(Exercise goal):
Leaving out the images, return the data below exactly as it is written.

━━━━━ Supplied data ━━━━━

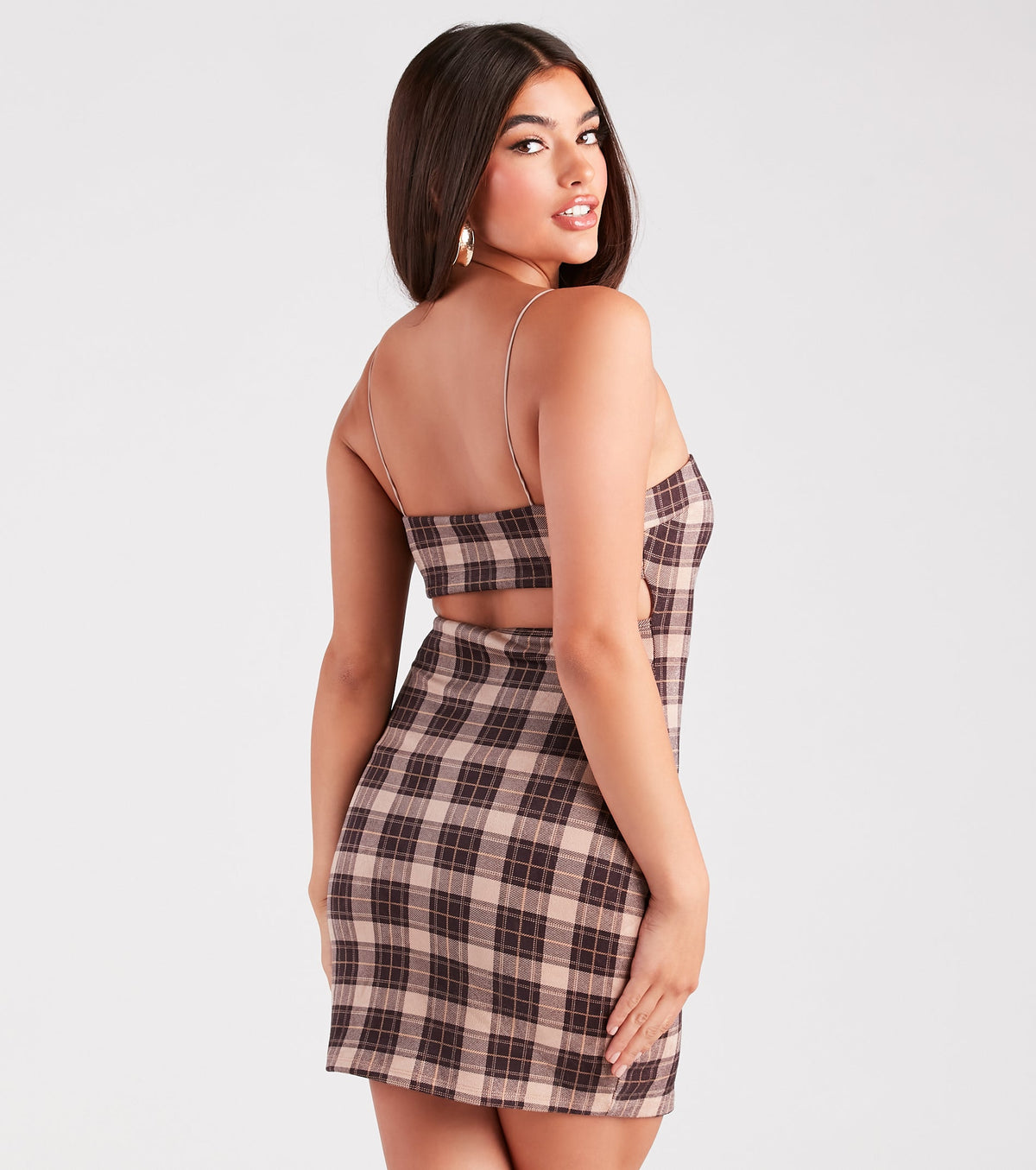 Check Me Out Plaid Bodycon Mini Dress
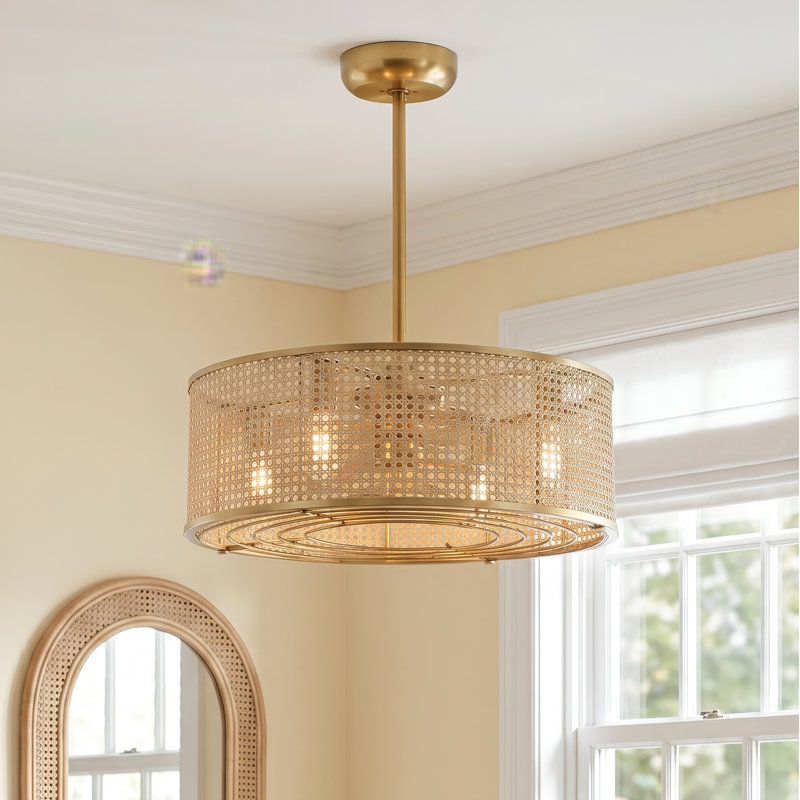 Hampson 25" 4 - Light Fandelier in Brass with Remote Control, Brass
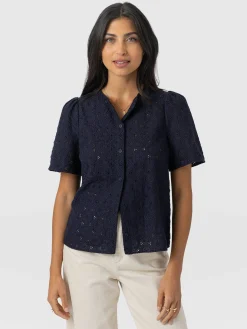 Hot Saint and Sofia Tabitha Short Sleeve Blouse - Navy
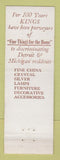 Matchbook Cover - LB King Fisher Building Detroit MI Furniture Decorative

━━━━━

(Solved exercise):
 Check Me Out Plaid Bodycon Mini Dress
 Hampson 25" 4 - Light Fandelier in Brass with Remote Control, Brass
 Hot Saint and Sofia Tabitha Short Sleeve Blouse - Navy
 Matchbook Cover - LB King Fisher Building Detroit MI Furniture Decorative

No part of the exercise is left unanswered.